Should any entry include an image, skip the image and copy the entry exactly.

● Source data:
____________________
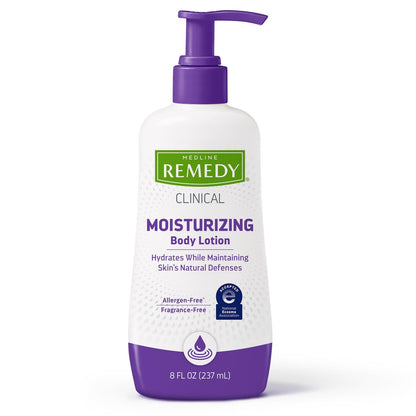 Medline Remedy Clinical Skin Cream Moisturizer, Fragrance-Free (8 fl oz) - Nourishing Hypoallergenic Lotion for Dry Skin, Paraben and Sulfate-Free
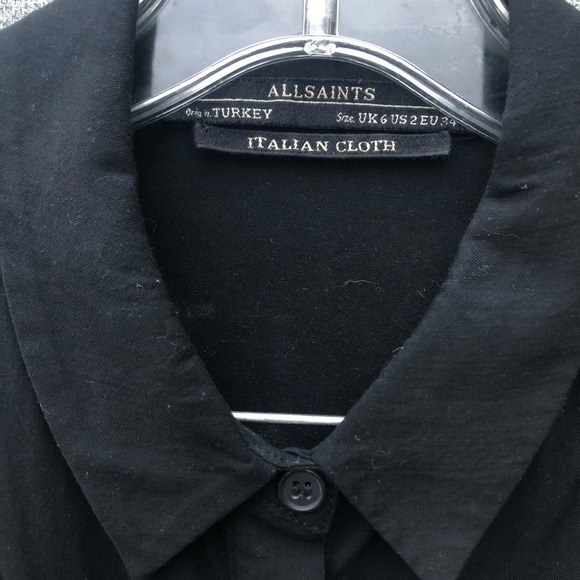 AllSaints Black Collared Tank Dress w/ Pockets - Picture 3 of 7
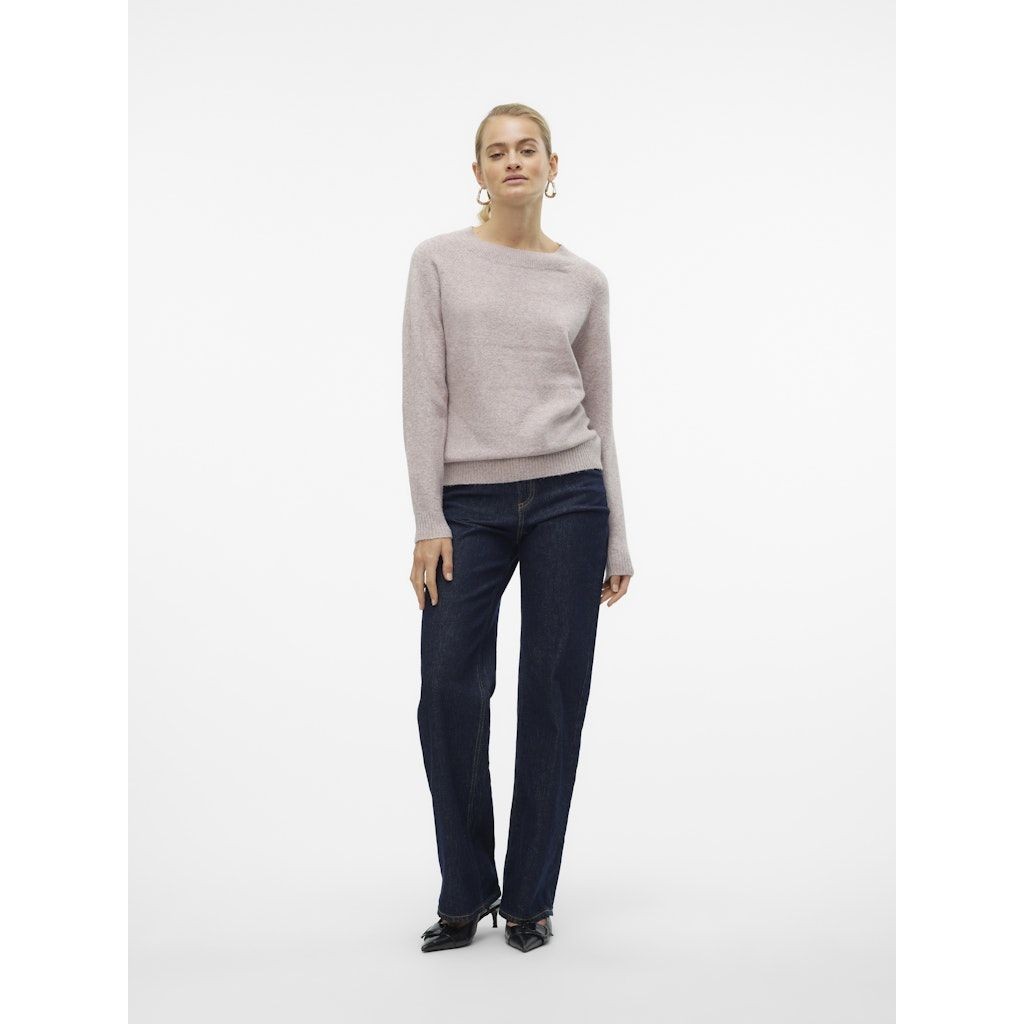 VERO MODA Megztinis moterims, Rožinė, VMDOFFY LS O-NECK BL 6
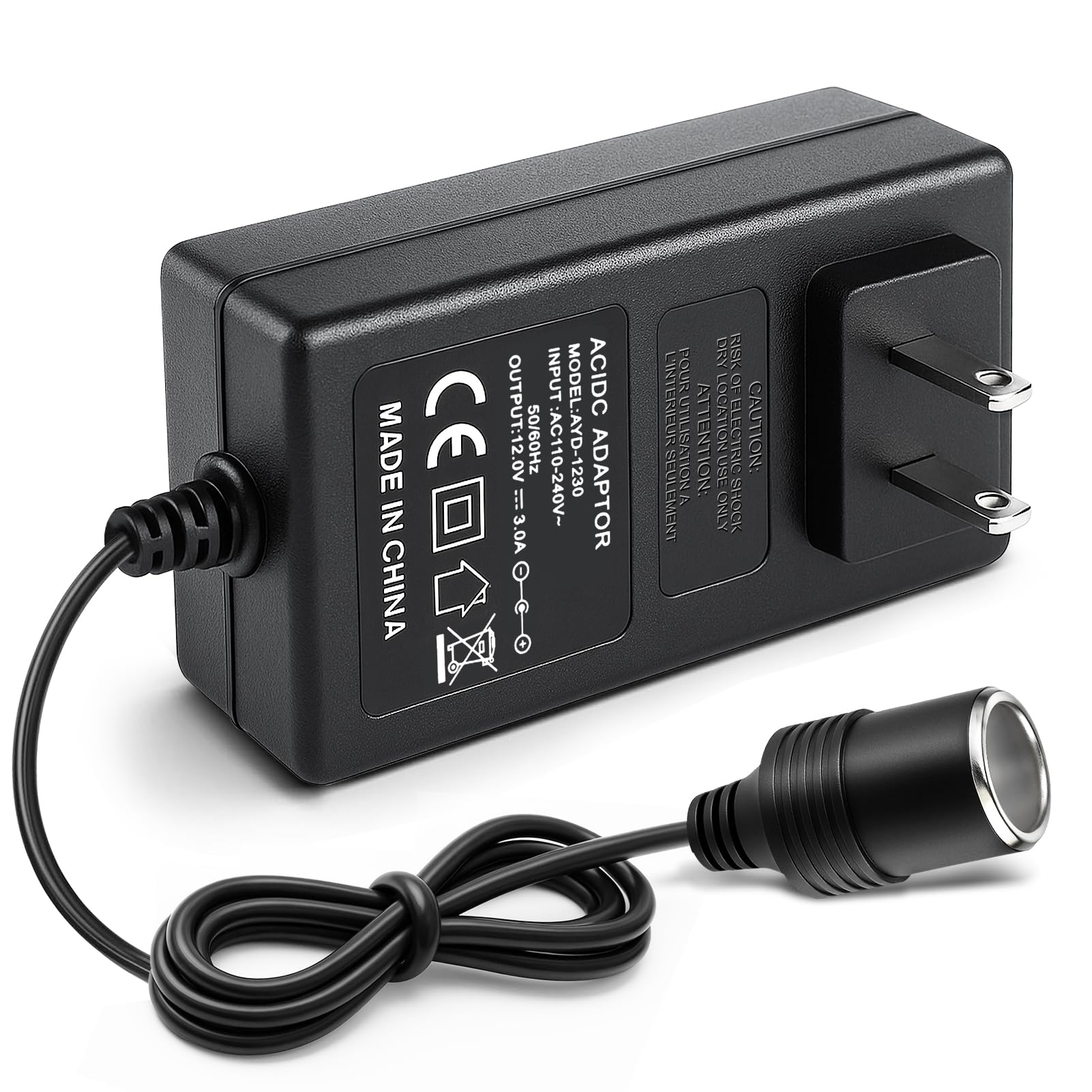 110V AC to DC 12V Converter 3A 36W Cigarette Lighter Adapter to Wall Plug 110 240V Home Car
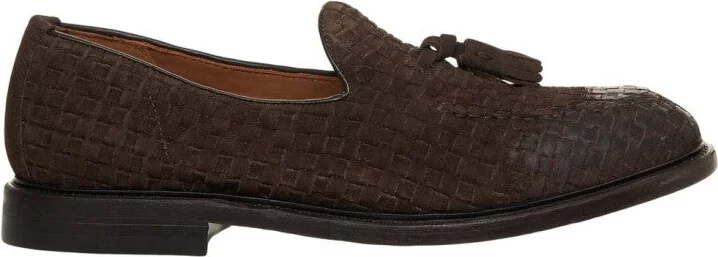 Brown Braided Suede Loafers With Fringe Detail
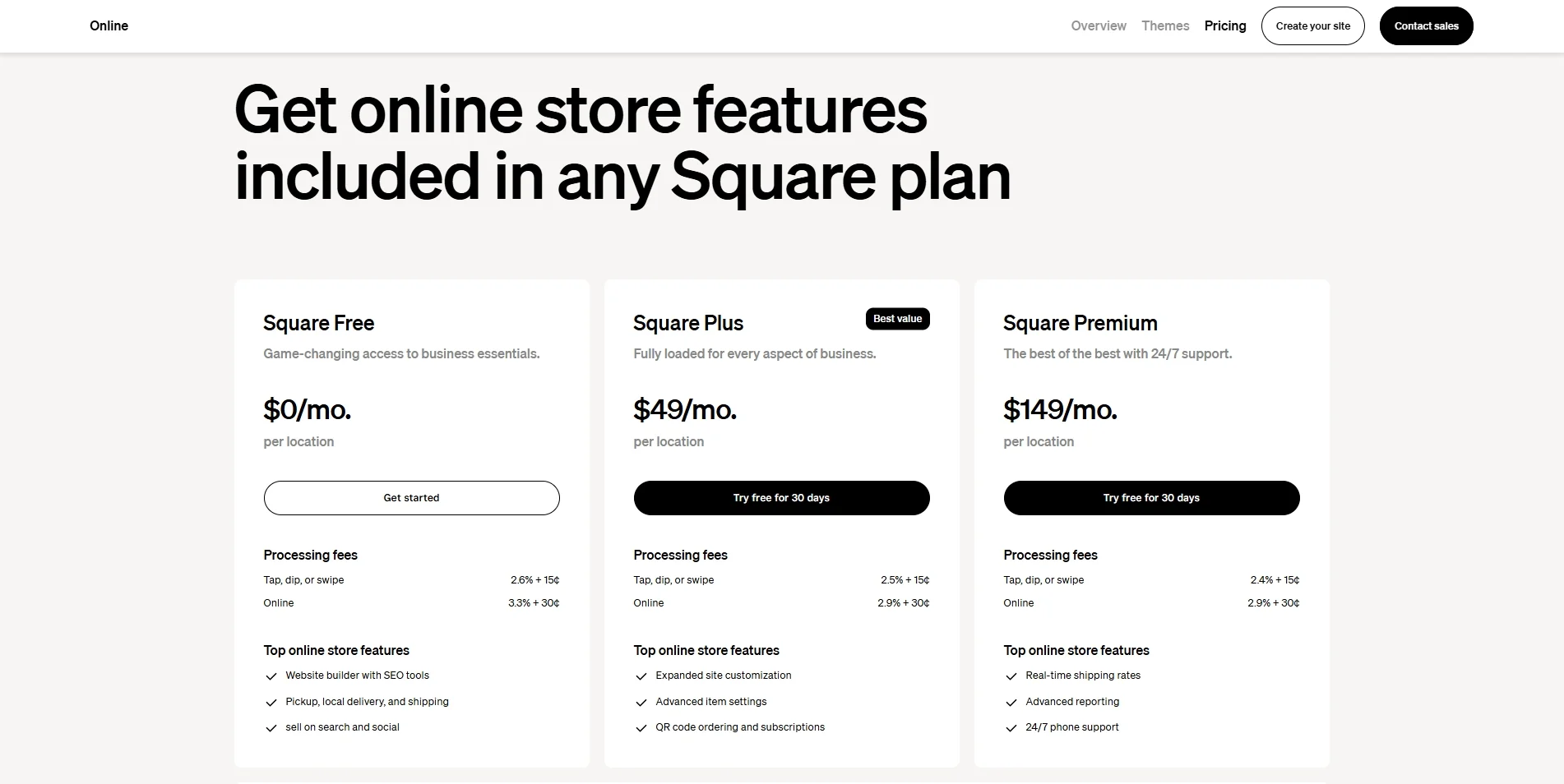 Square Online Store pricing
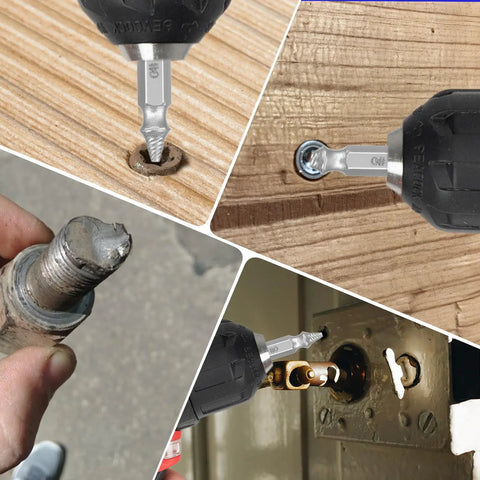 Damaged Screw Extractor Set for Stripped, Rusted, and Broken Screws and Bolts, tools shown in use on various screws and bolts.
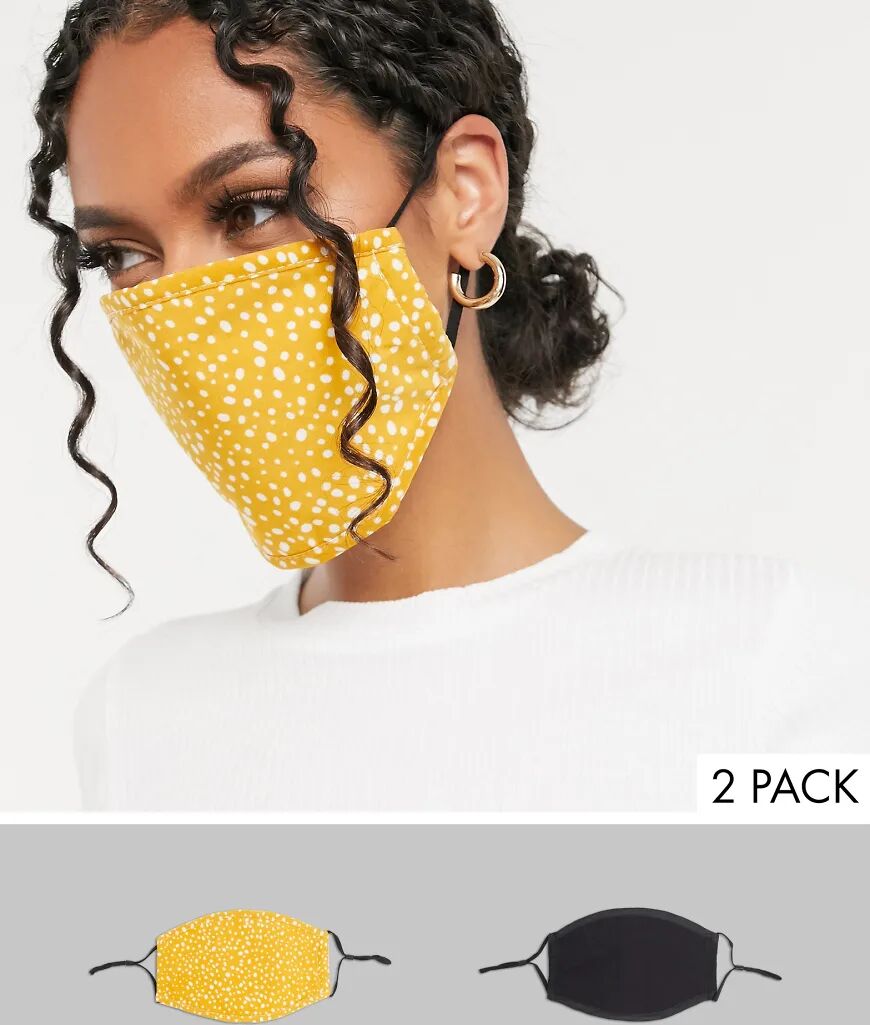 DesignB London 2 pack face covering with adjustable straps in black and ochre polka dot print-Multi  Multi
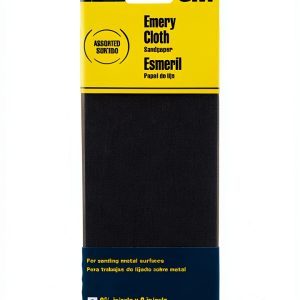 3M Emery Cloth Sandpaper 3 Sheets Assorted Grit 367x9in Rust Removal-0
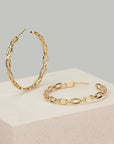 Chain Hoop Earrings Silver or Gold - HLcollection - Handmade Gold and Silver Jewelry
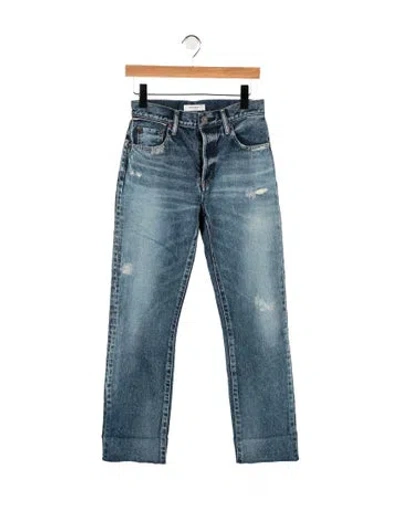 Pre-owned Moussy Vintage High-rise Straight Leg Jeans In Blue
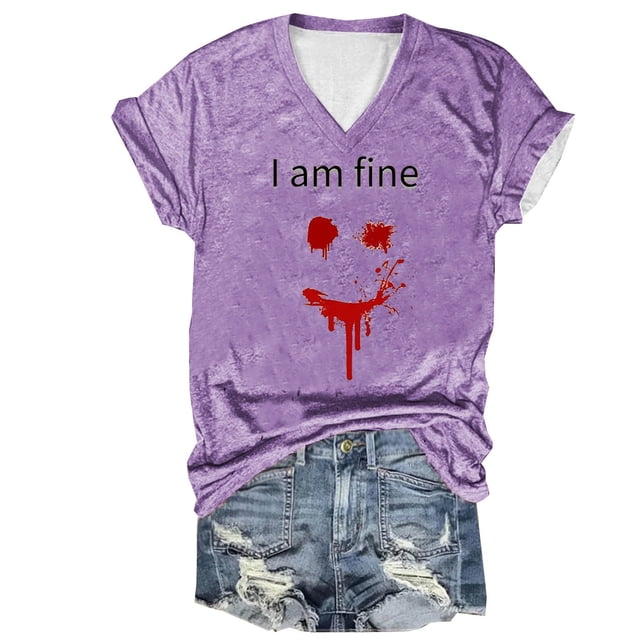 Tops Cortos para las Mujeres, Halloween Impreso V-Cuello Camiseta de Manga Corta, Tela de Imitación de Moda Casual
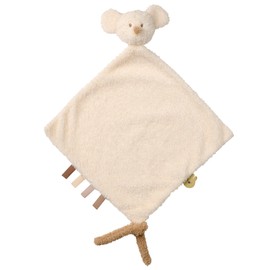 Nattou Maxi DouDou Comforter, Soft Cuddly Teddy Fabric, Baby and Infant Plush, Has Soother Attachment, 28 cm, Beige Mouse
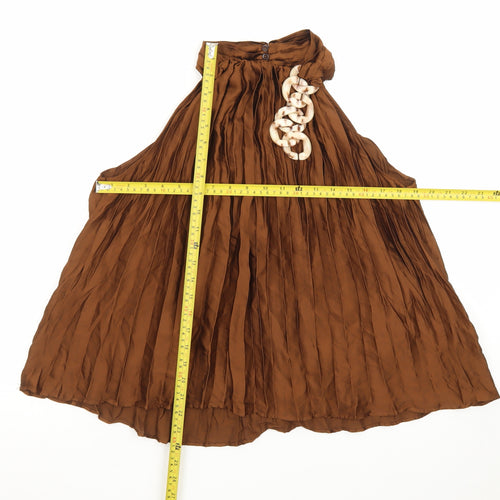 Zara Women Brown Pleated A-Line Halter Satin Dress Size S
____________________
● Written response:
 Medline Remedy Clinical Skin Cream Moisturizer, Fragrance-Free (8 fl oz) - Nourishing Hypoallergenic Lotion for Dry Skin, Paraben and Sulfate-Free
 AllSaints Black Collared Tank Dress w/ Pockets - Picture 3 of 7
 VERO MODA Megztinis moterims, Rožinė, VMDOFFY LS O-NECK BL 6
 110V AC to DC 12V Converter 3A 36W Cigarette Lighter Adapter to Wall Plug 110 240V Home Car
 Brown Braided Suede Loafers With Fringe Detail
 Square Online Store pricing
 Damaged Screw Extractor Set for Stripped, Rusted, and Broken Screws and Bolts, tools shown in use on various screws and bolts.
 DesignB London 2 pack face covering with adjustable straps in black and ochre polka dot print-Multi  Multi
 3M Emery Cloth Sandpaper 3 Sheets Assorted Grit 367x9in Rust Removal-0
 Chain Hoop Earrings Silver or Gold - HLcollection - Handmade Gold and Silver Jewelry
 Pre-owned Moussy Vintage High-rise Straight Leg Jeans In Blue
 Tops Cortos para las Mujeres, Halloween Impreso V-Cuello Camiseta de Manga Corta, Tela de Imitación de Moda Casual
 Nattou Maxi DouDou Comforter, Soft Cuddly Teddy Fabric, Baby and Infant Plush, Has Soother Attachment, 28 cm, Beige Mouse
 Zara Women Brown Pleated A-Line Halter Satin Dress Size S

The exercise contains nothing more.